_Excerpted records_.
-*-*-
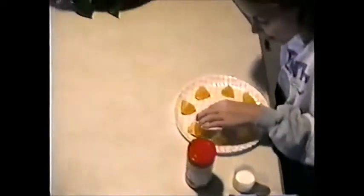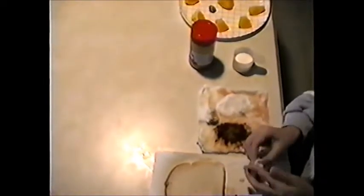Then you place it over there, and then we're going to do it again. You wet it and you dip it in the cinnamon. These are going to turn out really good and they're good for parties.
-*-*-
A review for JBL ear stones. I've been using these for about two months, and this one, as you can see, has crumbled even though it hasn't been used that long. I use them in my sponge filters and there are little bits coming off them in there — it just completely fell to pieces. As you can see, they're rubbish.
-*-*-
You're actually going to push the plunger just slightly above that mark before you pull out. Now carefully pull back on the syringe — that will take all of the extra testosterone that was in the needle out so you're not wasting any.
-*-*-
_Task details_.
If a line of the data contains "that", copy it out.

_Written answer_.
A review for JBL ear stones. I've been using these for about two months, and this one, as you can see, has crumbled even though it hasn't been used that long. I use them in my sponge filters and there are little bits coming off them in there — it just completely fell to pieces. As you can see, they're rubbish.
You're actually going to push the plunger just slightly above that mark before you pull out. Now carefully pull back on the syringe — that will take all of the extra testosterone that was in the needle out so you're not wasting any.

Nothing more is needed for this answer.